ABOUT THIS EXERCISE
This exercise calls for retyping every line below exactly, with the images omitted.
|---|
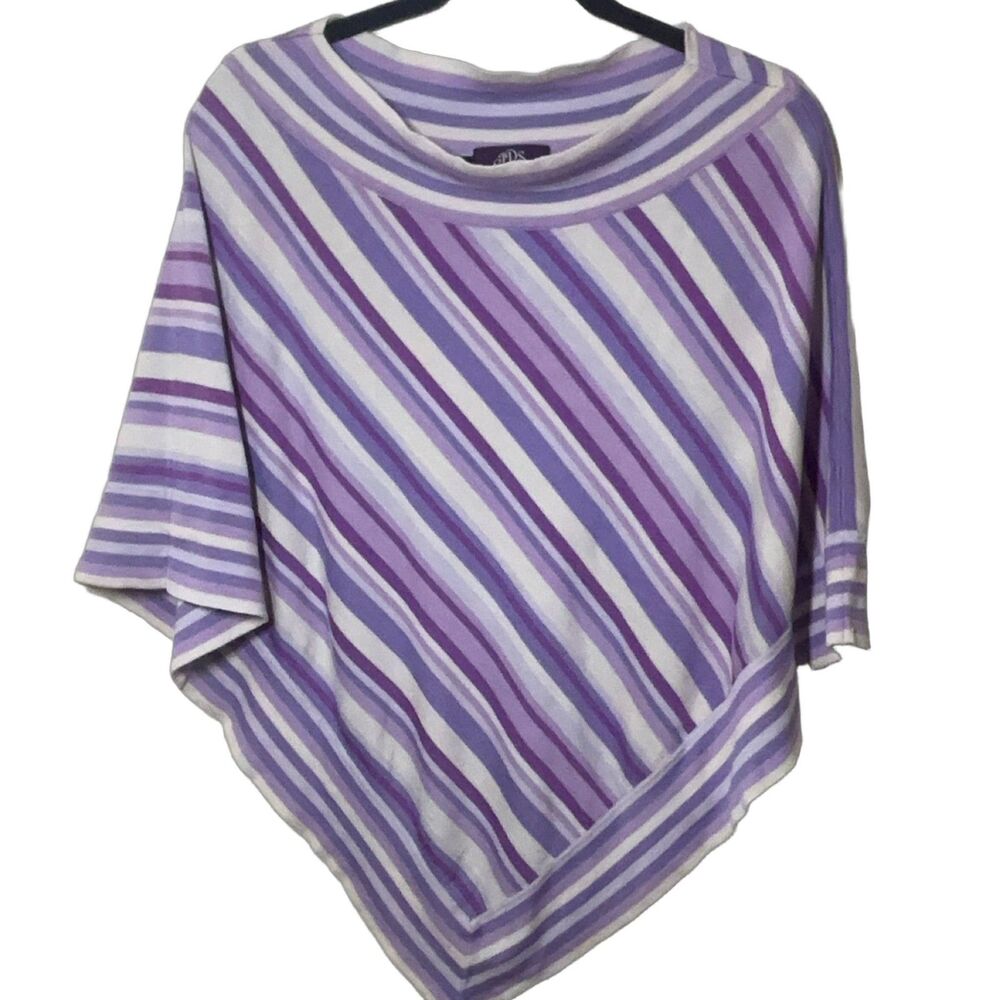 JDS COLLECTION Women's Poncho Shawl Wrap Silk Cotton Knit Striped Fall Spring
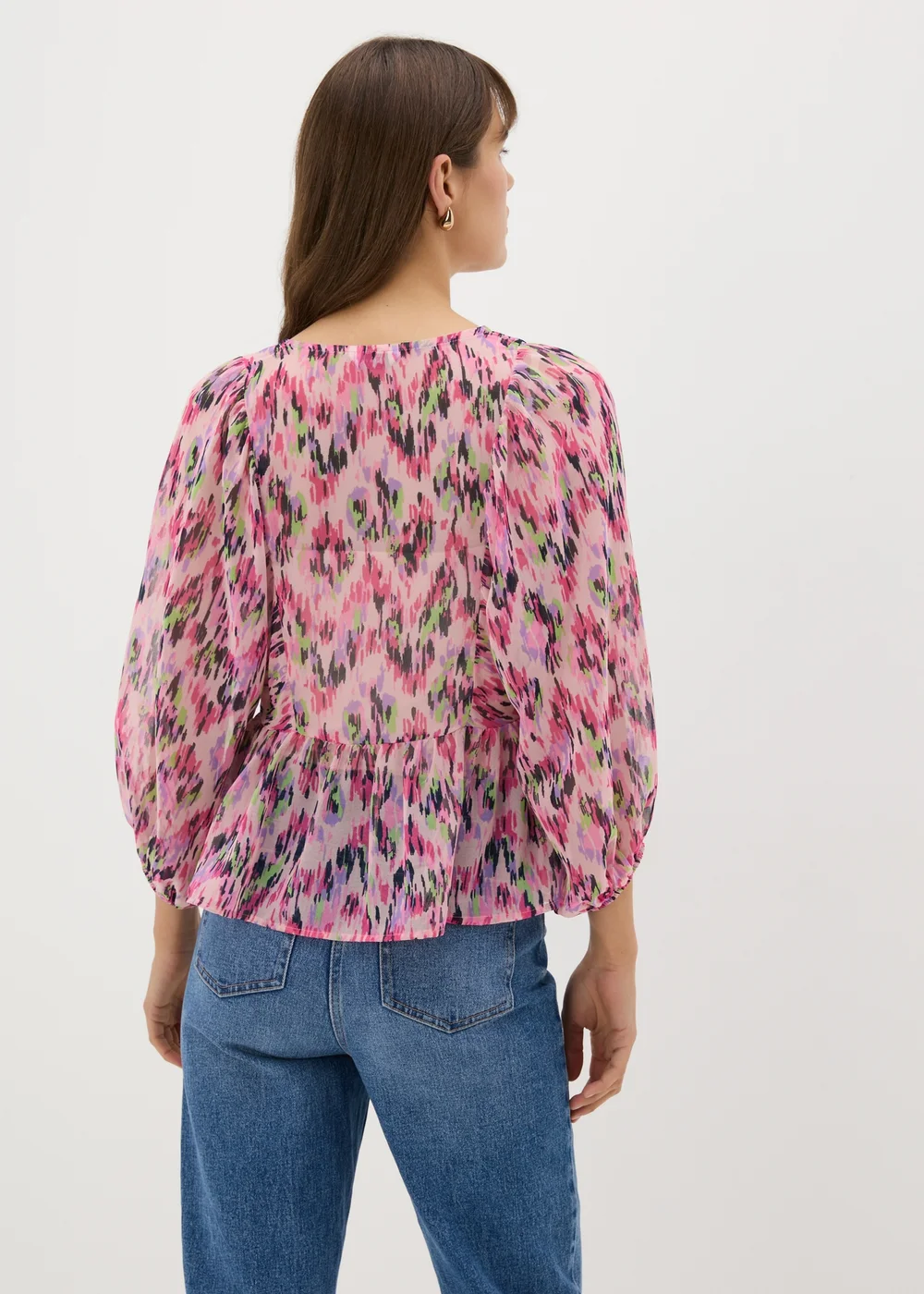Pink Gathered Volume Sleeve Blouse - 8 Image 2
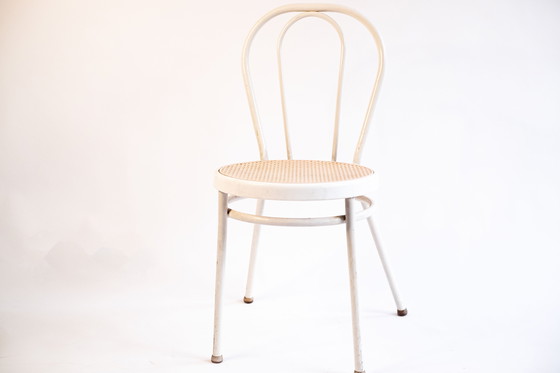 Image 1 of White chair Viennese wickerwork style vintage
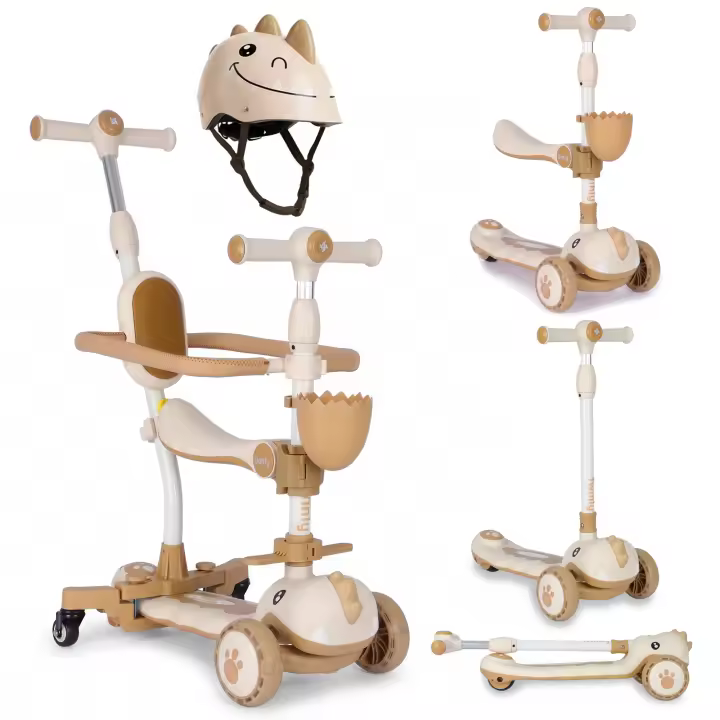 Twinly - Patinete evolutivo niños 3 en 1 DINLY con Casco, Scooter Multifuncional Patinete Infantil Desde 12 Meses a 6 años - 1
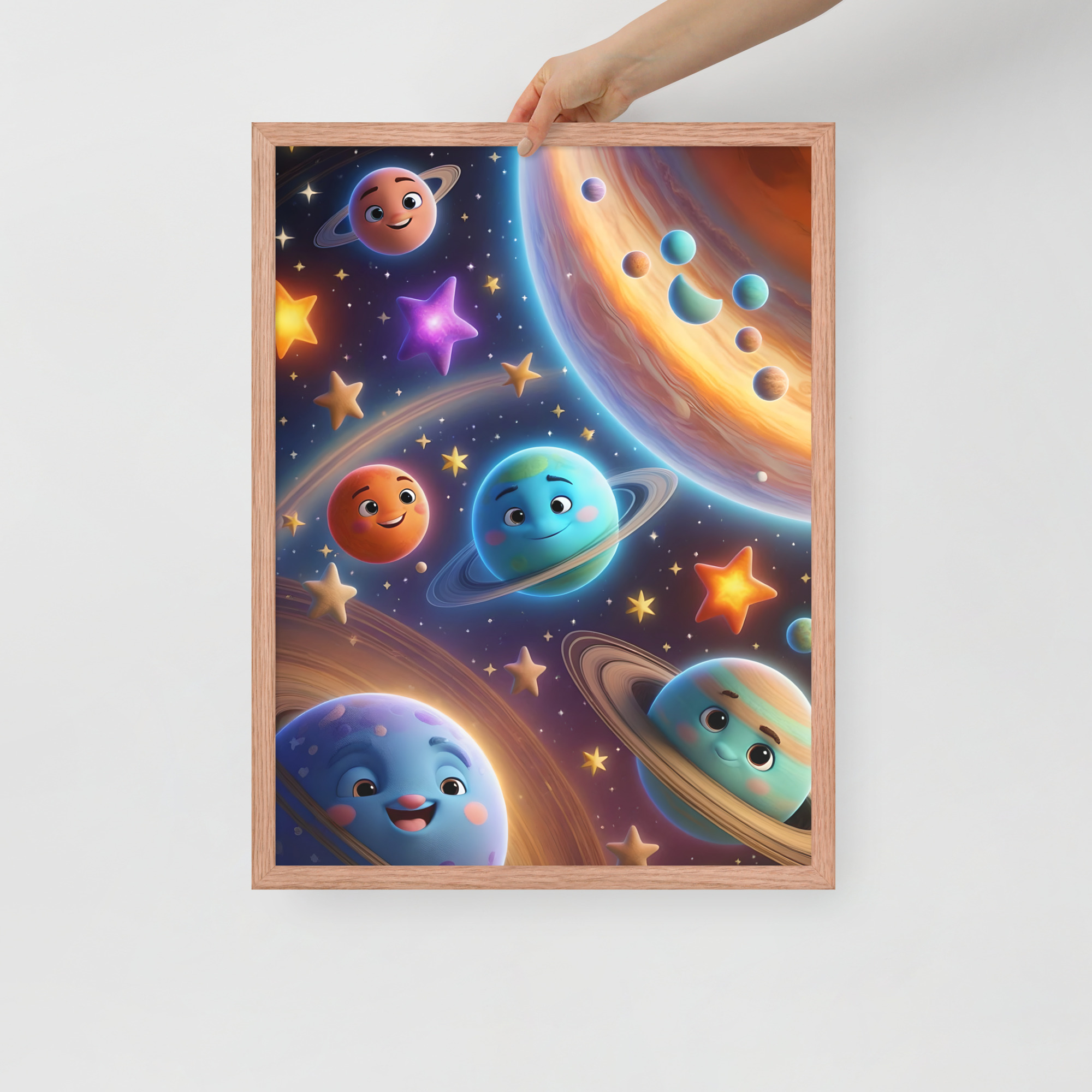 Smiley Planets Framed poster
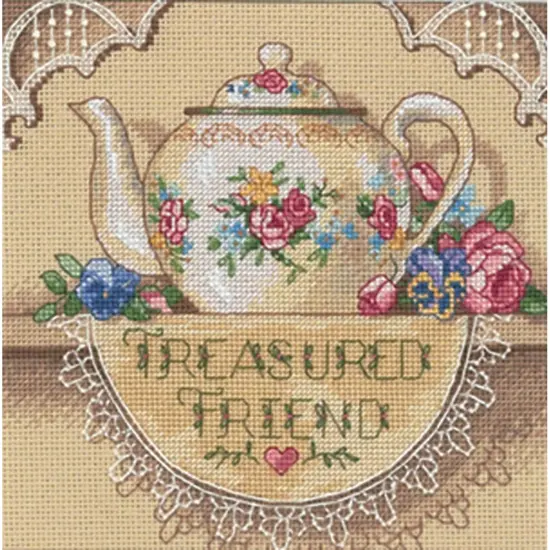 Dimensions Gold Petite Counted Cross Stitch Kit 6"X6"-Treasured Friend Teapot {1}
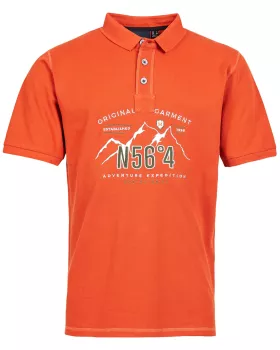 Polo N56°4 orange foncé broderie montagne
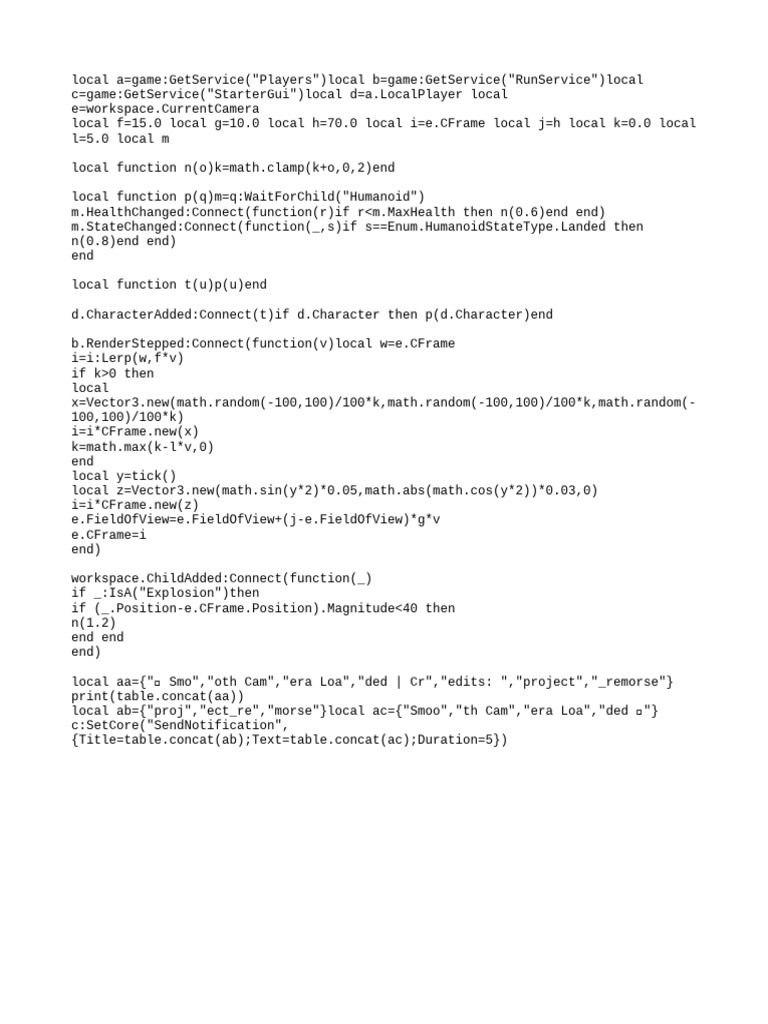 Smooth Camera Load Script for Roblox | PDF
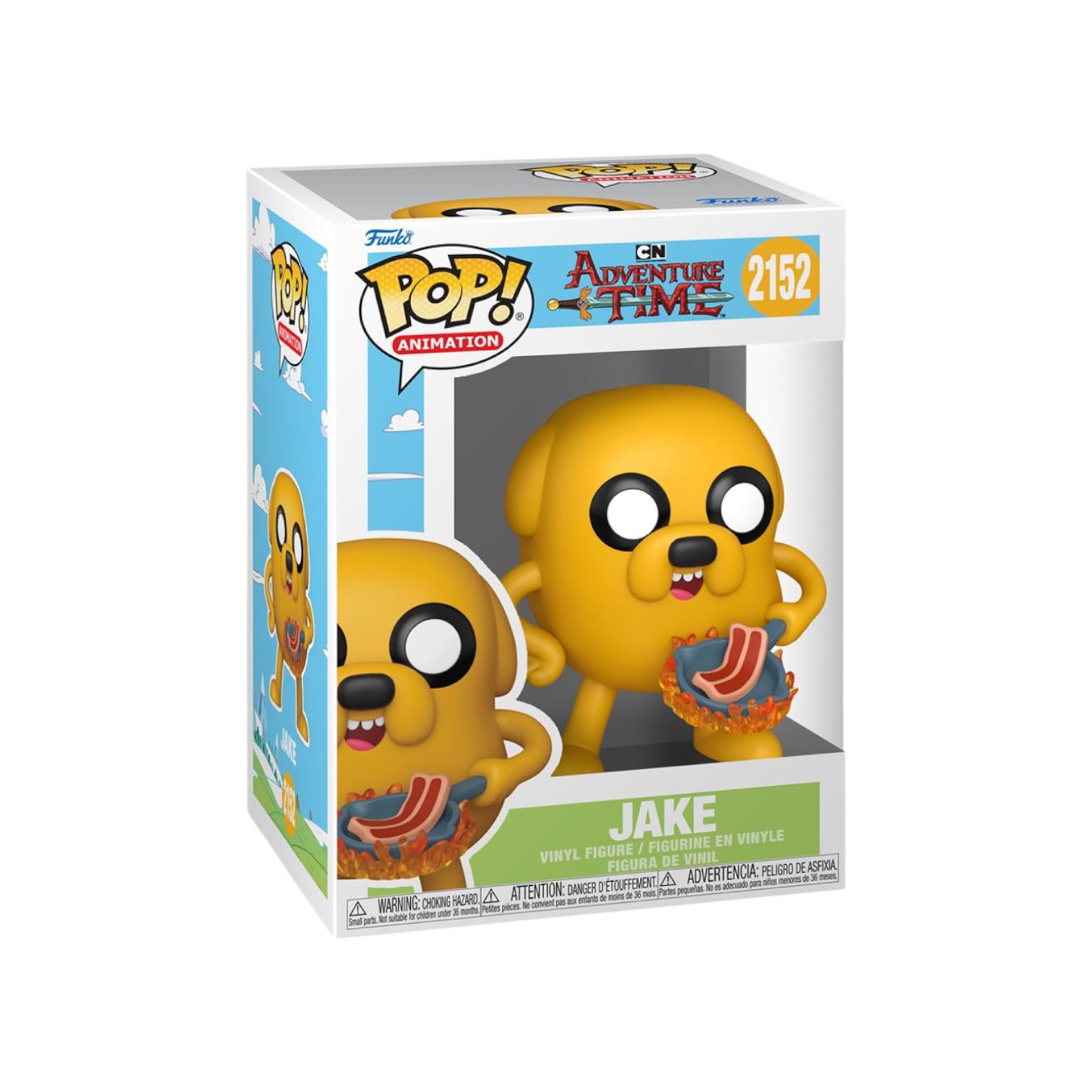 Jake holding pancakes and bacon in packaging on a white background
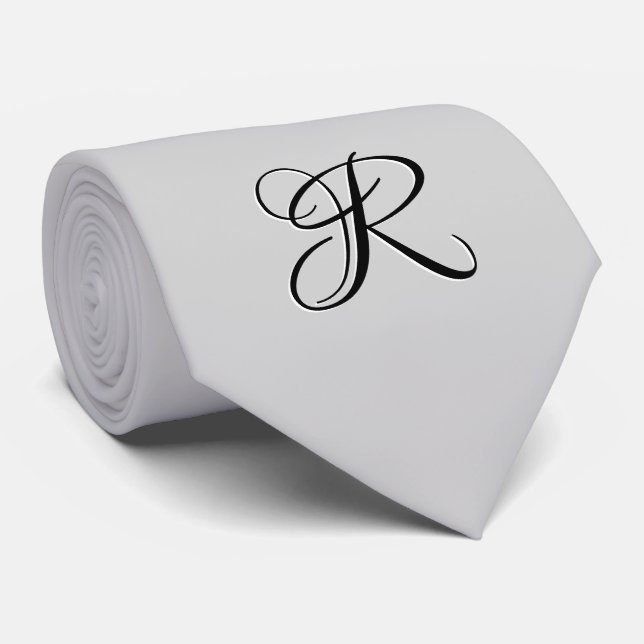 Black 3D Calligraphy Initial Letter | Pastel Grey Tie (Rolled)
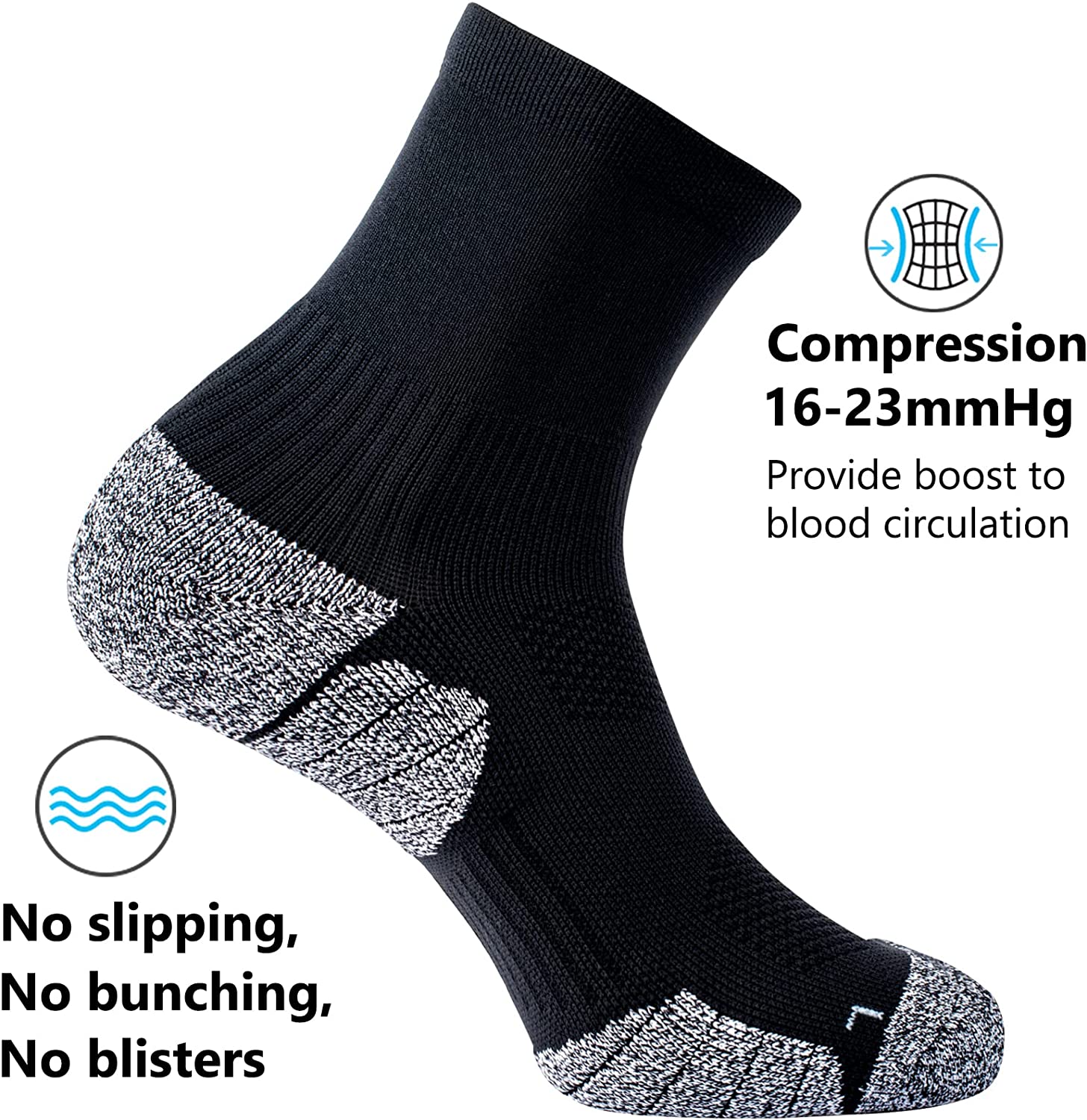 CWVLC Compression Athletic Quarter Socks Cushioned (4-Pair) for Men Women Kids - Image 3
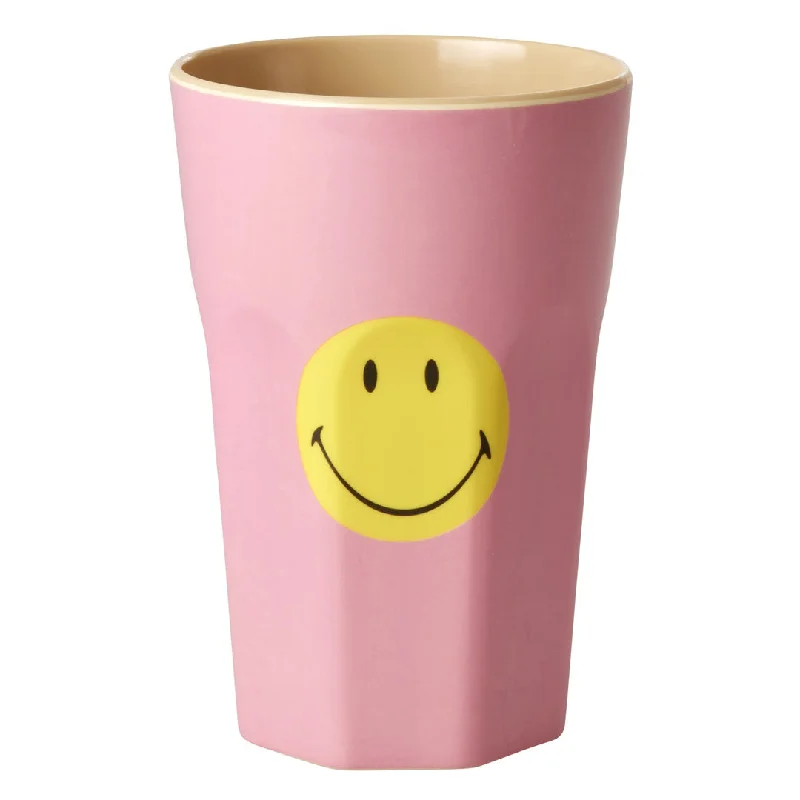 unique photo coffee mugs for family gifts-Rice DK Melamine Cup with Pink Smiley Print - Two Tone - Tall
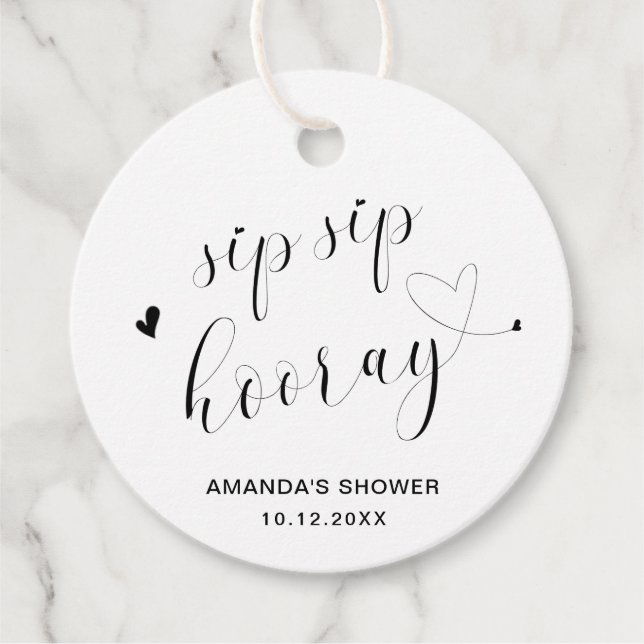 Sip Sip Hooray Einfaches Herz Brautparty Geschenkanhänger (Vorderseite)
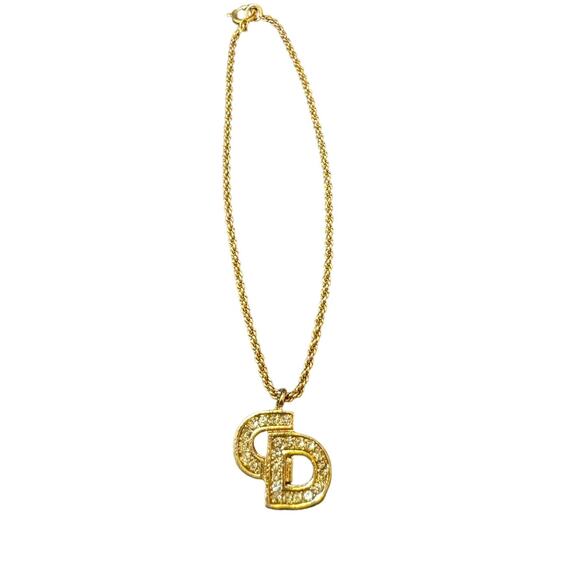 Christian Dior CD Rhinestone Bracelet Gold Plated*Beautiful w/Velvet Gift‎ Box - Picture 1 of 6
|---|
RESPONSE AREA
 JDS COLLECTION Women's Poncho Shawl Wrap Silk Cotton Knit Striped Fall Spring
Pink Gathered Volume Sleeve Blouse - 8 Image 2
 Image 1 of White chair Viennese wickerwork style vintage
 Twinly - Patinete evolutivo niños 3 en 1 DINLY con Casco, Scooter Multifuncional Patinete Infantil Desde 12 Meses a 6 años - 1
 Smiley Planets Framed poster
 Dimensions Gold Petite Counted Cross Stitch Kit 6"X6"-Treasured Friend Teapot {1}
 Polo N56°4 orange foncé broderie montagne
 Smooth Camera Load Script for Roblox | PDF
 Jake holding pancakes and bacon in packaging on a white background
 Black 3D Calligraphy Initial Letter | Pastel Grey Tie (Rolled)
 CWVLC Compression Athletic Quarter Socks Cushioned (4-Pair) for Men Women Kids - Image 3
 unique photo coffee mugs for family gifts-Rice DK Melamine Cup with Pink Smiley Print - Two Tone - Tall
 Sip Sip Hooray Einfaches Herz Brautparty Geschenkanhänger (Vorderseite)
 Christian Dior CD Rhinestone Bracelet Gold Plated*Beautiful w/Velvet Gift‎ Box - Picture 1 of 6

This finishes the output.